Born into an artistic family, Margaret represented Australia at the 2009 Florence Biennale. She has won numerous awards, was one of the first women to work as a graphic artist in Australian television and, also, was one of the first women to work in Australia as an art director in advertising.

She worked extensively as both an educator and as an administrator in Community Arts, and as a Program Manager in Arts Adult Education long before the creation of Creative Victoria in 2015.

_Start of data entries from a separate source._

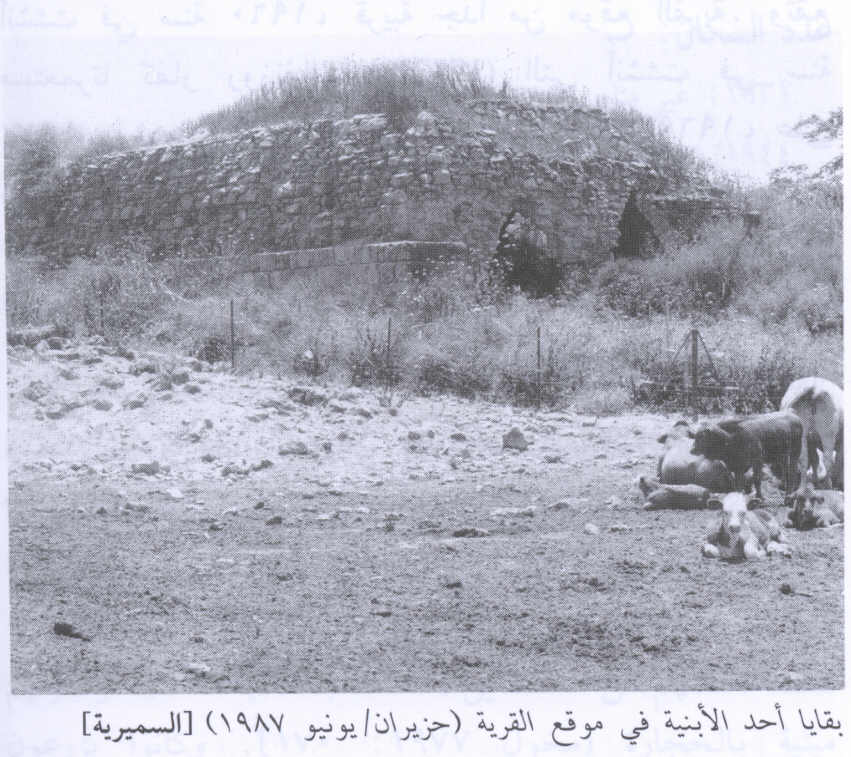 صورة لقرية السميريه - فلسطين: : بيت هدمه الصهاينة في القريه -1987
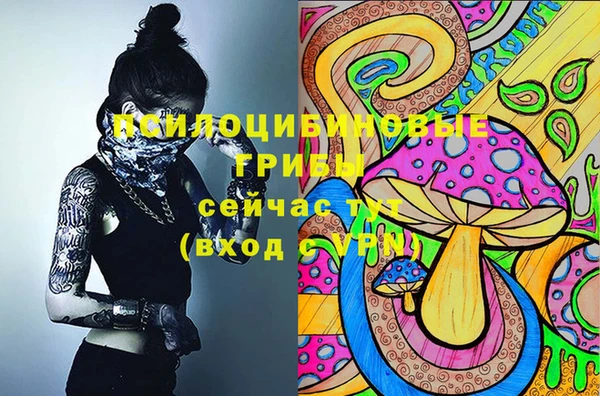 COCAINE Белокуриха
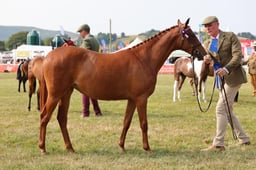 Z69_0343 2026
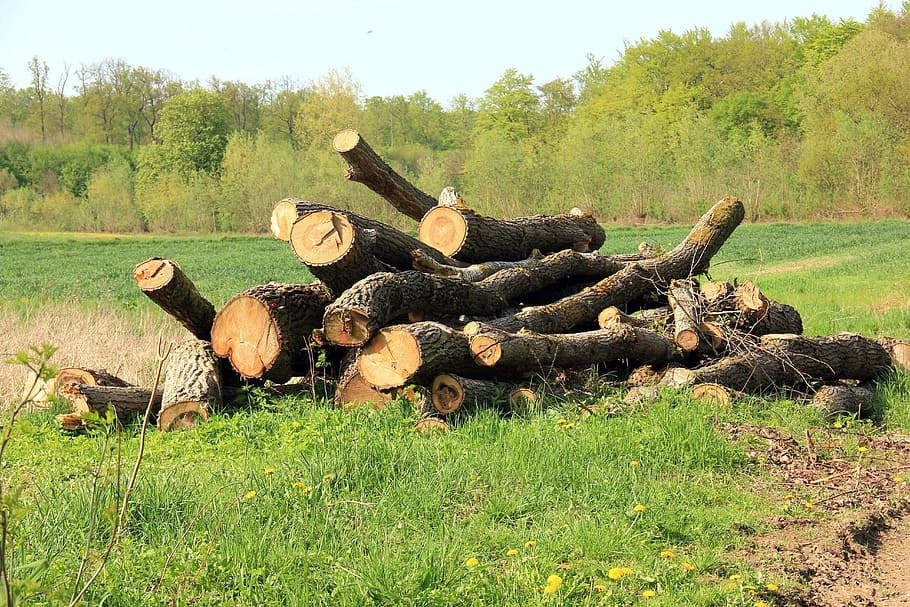 wood, forest, landscape, tree trunks, plant, grass, log, timber HD wallpaper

She established her own studio in Melbourne, and has painted full time for many years.

Family
The daughter of Australian war artist, Alex Gurney (1902-1955) — the creator of the legendary Bluey and Curley cartoon — and Junee Gurney (1909-1984), née Grover, youngest daughter of the journalist Montague "Monty" MacGregor Grover (1870–1943), and Ada Grover (1877-1928), née Goldberg, Margaret Jane Gurney was born in Melbourne in 1943.

The youngest of four children, Margaret's elder siblings were John (1929–2004), Jennifer Anne (1932–2004), and Susan (1937–2003).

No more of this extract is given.